So it’s really very simple what degrowth calls for. Basically like instead of assuming, as existing economics does, that all sectors in all industries must increase production every year, perpetually, forever… regardless of whether or not we actually need them to. Let us have a democratic discussion about what forms of production we actually do need to increase, again, things like universal public services, renewable energy and efficient appliances. And what sectors clearly need to be scaled down. And this is in some ways the ultimate Democratic act, which we are prevented from doing right now. And that’s a problem.
But here’s the other thing, I think that degrowth is actually a critically important analytical term. It’s indispensable in fact. Because without it, we’re stuck with just ridiculous terms like sustainable developments or green economy. All of which have been heavily appropriated by capital.
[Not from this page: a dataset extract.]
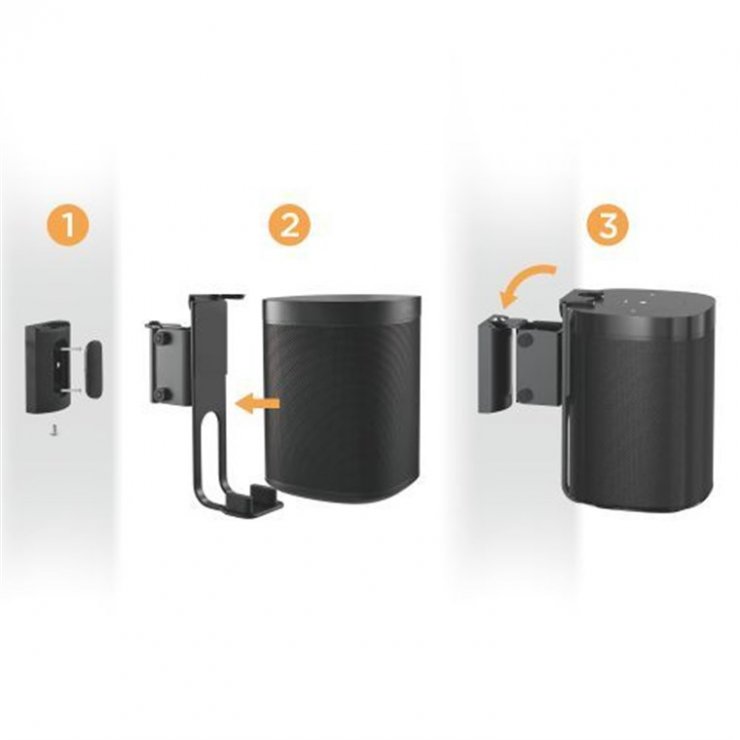 Imagine Set 2 buc suport perete pentru boxe Sonos One/One S/Play:1 Negru, Goobay G70829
Even BP and Shell use words like ‘sustainable development’ and ‘green economy’, I mean, gimme a break.
So we need some clarity, and degrowth provides that clarity and that’s essential. Analytically and scientifically, it’s indispensable. Now, that is not to say that it’s necessary for us to use as part of a mass political project, given the fact that a lot of people will be coming to it for the first time, and will be confused about it, sure. In the same way they’d be confused about anything, MMT for example. There’s an on-ramp into these concepts.
At the podium, maybe you wanna choose different kinds of languages, or at least focus on just what the policies are about. And this is actually what I advocate for, is you don’t need the word, but you do need the policy and people can get on board with the policy ’cause it makes sense. So talk about how you’re going to do universal public services and a job guarantee to secure livelihood permanently, but also scale down what people understand already to be destructive and intensive and less necessary forms of production. People can get on board with this.
We know already that in Democratic citizens assemblies in France, Spain and the UK, people have opted for these policies themselves, democratically. They gravitate toward that kind of objective. So you don’t need the word, but you do need the ideas. And so I think that’s for me, the important points. At the same time, we should also recognize that the term degrowth was coined precisely because it was provocative, and forced people to reconsider their existing assumptions about reality and the economy.
And that has been very powerful because the term has gone from being unknown a couple of years ago, to now being widely understood, particularly within progressive circles. And I think that’s helped to change the discourse about what kind of future we want and what is necessary for us to do. I think we have to recognize these various dimensions of it. It’s complicated in that respect.
[00:38:51] Grumbine: I agree with that a hundred percent. From my vantage point, I don’t think I hide it very well, I’m terribly against the capitalist mode of production, in the way that we allow the co-opting of these concepts with ‘green growth’. Greenwashing companies to make them look like they’re the leaders in ecological production, and in reality they’re mass polluters, they’re undemocratic, and the fat cats at the top are definitely the fattest of them all.
And we’ve gotta find a way to take care of that, and I do believe that degrowth is exactly the correct path forward. As you stated, a lot of people are coming to this for the first time and they hear that, the marriage of degrowth and eco socialism seems to be such a nice marriage. You can’t just snap your fingers and suddenly we’re ecosocialists now. You might be personally, but as far as means of production and the way society’s structured, that’s gonna take some transition that I don’t think people are fully prepared for.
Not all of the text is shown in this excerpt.